Anyway, these calls for the media to take an active role in the information and psychological war does make sense in some ways. Studies have shown that there is something of a symbiotic relationship between the media and organisations that employ terrorism as a strategy. In fact recent research has shown that extensive coverage of terrorist attacks tends to mean that more attacks will follow, something of a ripple effect. They also discuss how the reporting of suicide bombings has made that type of attack even more frequent.

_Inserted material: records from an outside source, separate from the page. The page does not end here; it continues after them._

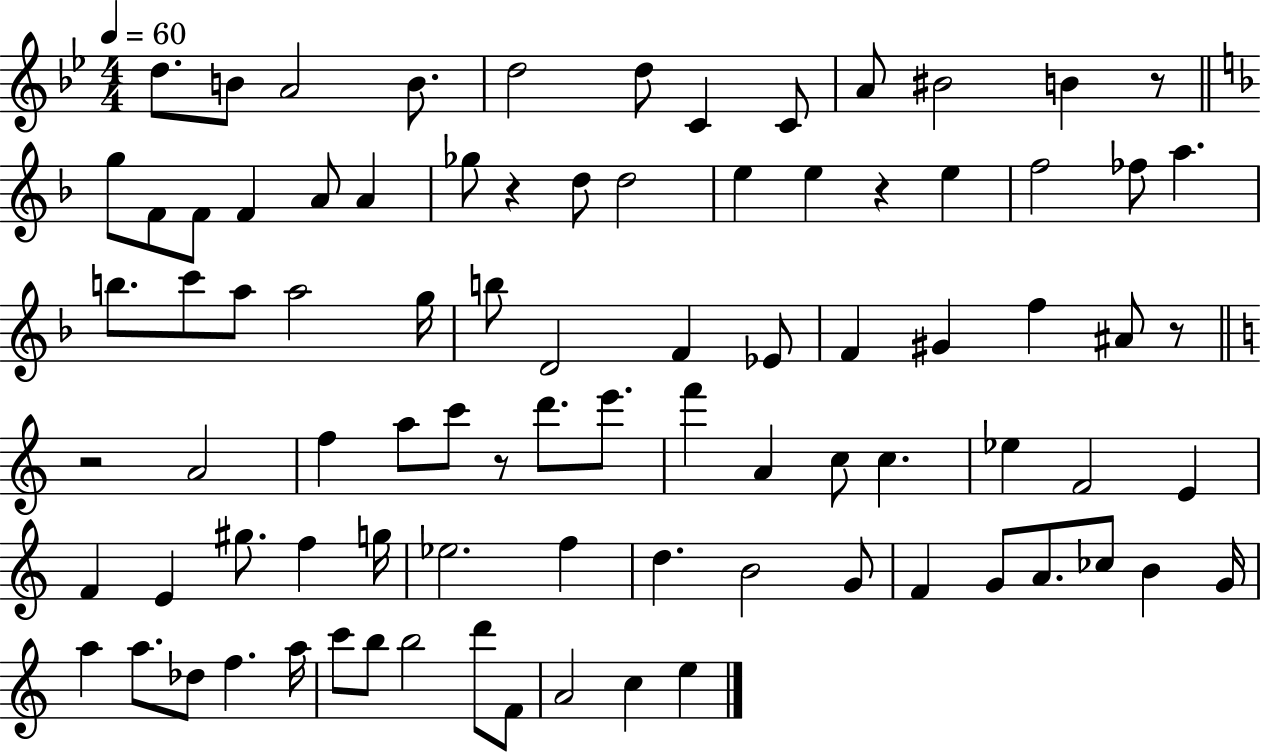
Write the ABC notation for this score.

X:1
T:Untitled
M:4/4
L:1/4
K:Bb
d/2 B/2 A2 B/2 d2 d/2 C C/2 A/2 ^B2 B z/2 g/2 F/2 F/2 F A/2 A _g/2 z d/2 d2 e e z e f2 _f/2 a b/2 c'/2 a/2 a2 g/4 b/2 D2 F _E/2 F ^G f ^A/2 z/2 z2 A2 f a/2 c'/2 z/2 d'/2 e'/2 f' A c/2 c _e F2 E F E ^g/2 f g/4 _e2 f d B2 G/2 F G/2 A/2 _c/2 B G/4 a a/2 _d/2 f a/4 c'/2 b/2 b2 d'/2 F/2 A2 c e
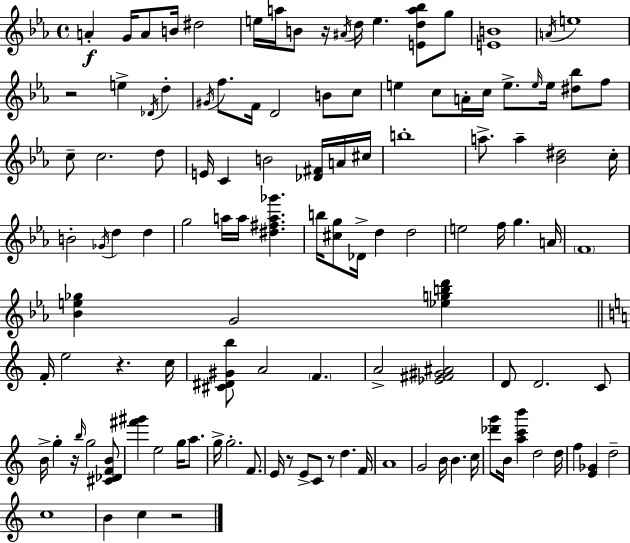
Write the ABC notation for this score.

X:1
T:Untitled
M:4/4
L:1/4
K:Eb
A G/4 A/2 B/4 ^d2 e/4 a/4 B/2 z/4 ^A/4 d/4 e [Eda_b]/2 g/2 [EB]4 A/4 e4 z2 e _D/4 d ^G/4 f/2 F/4 D2 B/2 c/2 e c/2 A/4 c/4 e/2 e/4 e/4 [^d_b]/2 f/2 c/2 c2 d/2 E/4 C B2 [_D^F]/4 A/4 ^c/4 b4 a/2 a [_B^d]2 c/4 B2 _G/4 d d g2 a/4 a/4 [^d^fa_g'] b/4 [^cg]/2 _D/4 d d2 e2 f/4 g A/4 F4 [_Be_g] G2 [_egbd'] F/4 e2 z c/4 [^C^D^Gb]/2 A2 F A2 [_E^F^G^A]2 D/2 D2 C/2 B/4 g z/4 b/4 g2 [^C_DFB]/2 [^f'^g'] e2 g/4 a/2 g/4 g2 F/2 E/4 z/2 E/2 C/2 z/2 d F/4 A4 G2 B/4 B c/4 [_d'g']/2 B/4 [ac'b'] d2 d/4 f [E_G] d2 c4 B c z2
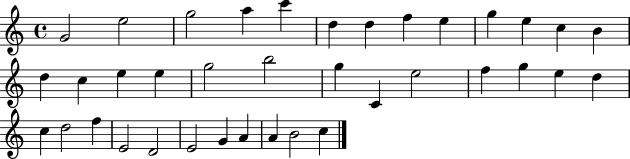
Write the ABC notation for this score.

X:1
T:Untitled
M:4/4
L:1/4
K:C
G2 e2 g2 a c' d d f e g e c B d c e e g2 b2 g C e2 f g e d c d2 f E2 D2 E2 G A A B2 c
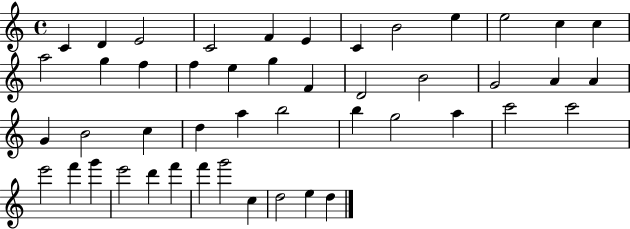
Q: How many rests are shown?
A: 0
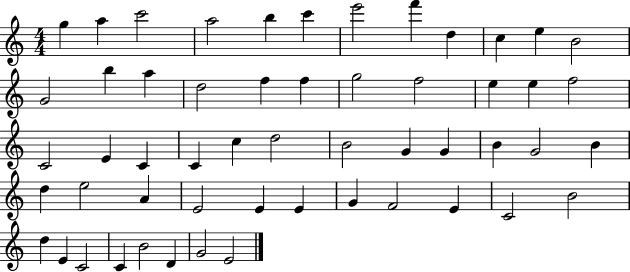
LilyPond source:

{
  \clef treble
  \numericTimeSignature
  \time 4/4
  \key c \major
  g''4 a''4 c'''2 | a''2 b''4 c'''4 | e'''2 f'''4 d''4 | c''4 e''4 b'2 | \break g'2 b''4 a''4 | d''2 f''4 f''4 | g''2 f''2 | e''4 e''4 f''2 | \break c'2 e'4 c'4 | c'4 c''4 d''2 | b'2 g'4 g'4 | b'4 g'2 b'4 | \break d''4 e''2 a'4 | e'2 e'4 e'4 | g'4 f'2 e'4 | c'2 b'2 | \break d''4 e'4 c'2 | c'4 b'2 d'4 | g'2 e'2 | \bar "|."
}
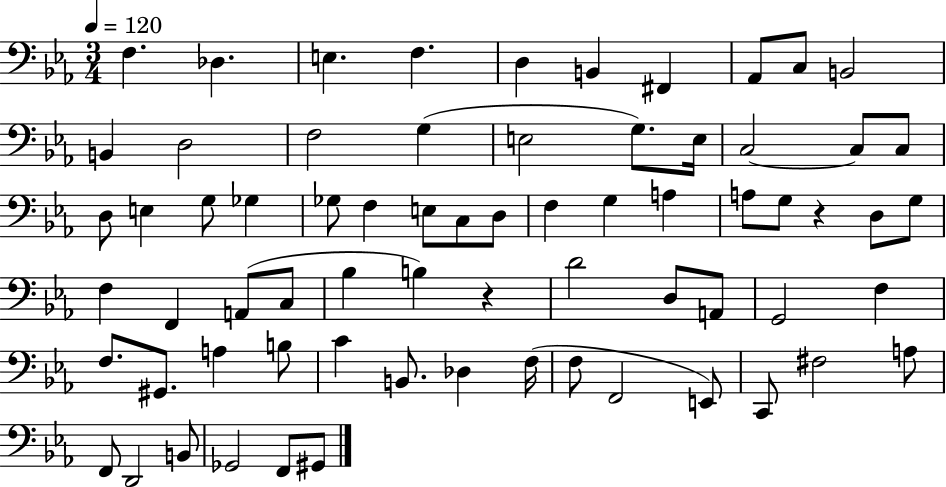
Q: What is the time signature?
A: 3/4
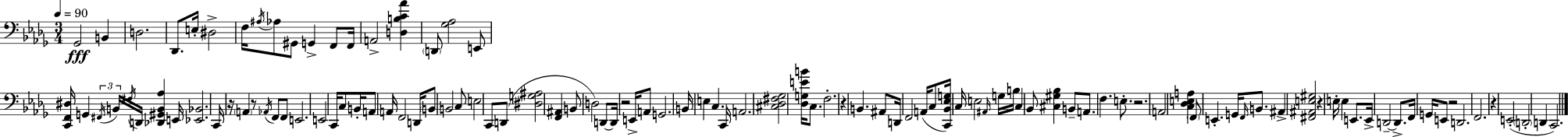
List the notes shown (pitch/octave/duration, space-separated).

Gb2/h B2/q D3/h. Db2/e. E3/s D#3/h F3/s A#3/s Ab3/e G#2/e G2/q F2/e F2/s A2/h [D3,B3,C4,Ab4]/q D2/e [Gb3,Ab3]/h E2/e [C2,F2,D#3]/s G2/q F#2/s B2/s F#3/s D2/s [Db2,G#2,B2,Ab3]/q E2/s [Eb2,Bb2]/h. C2/s R/s A2/q R/e Ab2/s F2/e F2/e E2/h. E2/h C2/s C3/e B2/s A2/e A2/s F2/h D2/s B2/e B2/h C3/e E3/h C2/e D2/e [D#3,G3,A#3]/h [F2,A#2]/q B2/e D3/h D2/e D2/s R/h E2/s A2/e G2/h. B2/s E3/q C3/q. C2/s A2/h. [C#3,Db3,F#3,Gb3]/h [Db3,G3,E4,B4]/s C3/e. F3/h. R/q B2/q. A#2/e D2/s F2/h A2/s C3/e [C2,Bb2,Eb3,G3]/s C3/s E3/h A#2/s G3/s B3/s C3/q Bb2/e [C#3,G#3,Bb3]/q B2/e A2/e. F3/q. E3/e. R/h. A2/h [C3,Db3,E3,A3]/q F2/e E2/q. G2/s F2/s B2/e. A#2/q [F#2,A#2,E3,G#3]/h R/q E3/s E3/q E2/e. E2/s D2/h D2/e. F2/s G2/s E2/e R/h D2/h. F2/h. R/q E2/h D2/h D2/q C2/h.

“We took a great interest in the press. We always immediately looked how the newspapers, especially in Berlin, reacted to our actions, and how they explained them, and thereupon we defined our strategy.” – Michael “Bommi” Baumann, co-founder Movement 2 June
The Media’s Role
The media business is, in the end, a business and therefore needs to make money in order to stay in business. And with the proliferation of more news sources; from TV channels, to cable TV, to radio stations, and internet news sites that seem to spring up by the dozen, competition is fierce. In order to keep the audience, then, media houses try to be the first to report, with more detail than their competitors and gripping headlines. It is this fact that the terrorist organisations exploit in their bid to gain public attention by cooking up ever more nefarious acts which will obviously be widely reported. And when a terrorist act is so dastardly that all the media houses carry it, with varying degrees of sensationalism, and harp on about it for days or weeks after, it can lead to what is commonly called agenda setting, which is the idea that the more a certain topic or piece of news is reported and repeated over and again, it leads the public to imagine that it is more important than any other piece of news.

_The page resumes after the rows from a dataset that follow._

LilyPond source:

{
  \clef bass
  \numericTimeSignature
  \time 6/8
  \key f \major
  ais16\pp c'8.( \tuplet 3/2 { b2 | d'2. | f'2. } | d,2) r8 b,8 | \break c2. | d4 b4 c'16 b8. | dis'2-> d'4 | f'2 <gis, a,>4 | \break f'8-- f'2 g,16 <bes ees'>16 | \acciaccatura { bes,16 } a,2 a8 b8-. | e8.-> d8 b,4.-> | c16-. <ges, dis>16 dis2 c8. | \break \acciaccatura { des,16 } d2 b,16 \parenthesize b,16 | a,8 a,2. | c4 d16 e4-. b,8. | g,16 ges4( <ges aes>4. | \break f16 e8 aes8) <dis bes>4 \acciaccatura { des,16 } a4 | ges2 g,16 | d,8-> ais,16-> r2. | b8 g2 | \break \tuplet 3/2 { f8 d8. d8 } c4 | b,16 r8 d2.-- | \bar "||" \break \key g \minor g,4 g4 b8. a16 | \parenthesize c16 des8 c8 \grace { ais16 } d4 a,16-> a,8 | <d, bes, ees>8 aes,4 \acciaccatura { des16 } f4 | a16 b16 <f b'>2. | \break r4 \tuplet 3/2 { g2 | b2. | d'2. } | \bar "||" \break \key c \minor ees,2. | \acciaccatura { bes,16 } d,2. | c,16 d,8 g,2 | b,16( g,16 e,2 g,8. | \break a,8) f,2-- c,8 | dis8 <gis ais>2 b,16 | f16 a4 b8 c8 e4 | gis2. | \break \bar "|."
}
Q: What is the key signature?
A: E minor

The second problem, from the authorities’ point of view, would be framing; the presentation of news and facts in such a way as to drive a certain belief/viewpoint. In our case, the framing would appear to be that the terrorists are able to freely attack where they please, and the security agencies are hapless reactionaries who cannot adequately protect us.
If I am right, and those are the concerns of the authorities, then I think they have begun taking steps in the right direction. First, Col Abubakar’s statement came across as a mild rebuke, rather than a full accusation as had been done in the past. In his words, “Information in any military activity is important. We are trying to chart a new course for information flow in our various operations being carried out by the Nigerian armed forces.” The admission that information plays a key role is a good one. The people not only want to be informed, but also have a right to be. In the past, you might shackle the newspapers, or indeed seize all copies after printing, and send armed men into radio and television stations and it would have a significant impact on reporting of events. But these days it is not quite so straightforward anymore and so the decision to be more open and informative is a welcome one.
And it seems they are beginning with a proactive approach, as we are now hearing news of suspects being arrested, planned attacks being foiled and the like. And they need to keep up this level of engagement with members of the press, if they want to have the upper hand in the information war. Col Abubakar also urged the media to crosscheck facts with the military before publishing, which is fair enough. Having regular engagement with the press would create a direct conduit through which information can flow back and forth, further enabling the military to get its point across. The new military command seems to be taking this to heart, as a report of the Chief of Army Staff’s sleepover in Gamboru, Borno state, made mention of a group of reporters also making the trip alongside the general. Previously, the media seemed to be persona non grata, but now they are actively being courted.
So that’s it, then?
Not quite. The truth is that, despite some unfortunate phrasing on the part of past government officials, the authorities do have a point regarding media coverage of terrorist incidents. Online media is particularly guilty of sensationalist headlines in a bid to draw more clicks, which leads to better advertising revenues and a more handsome profile. For better or worse, the proliferation of online news sites means that it is pretty much out of anyone’s control too.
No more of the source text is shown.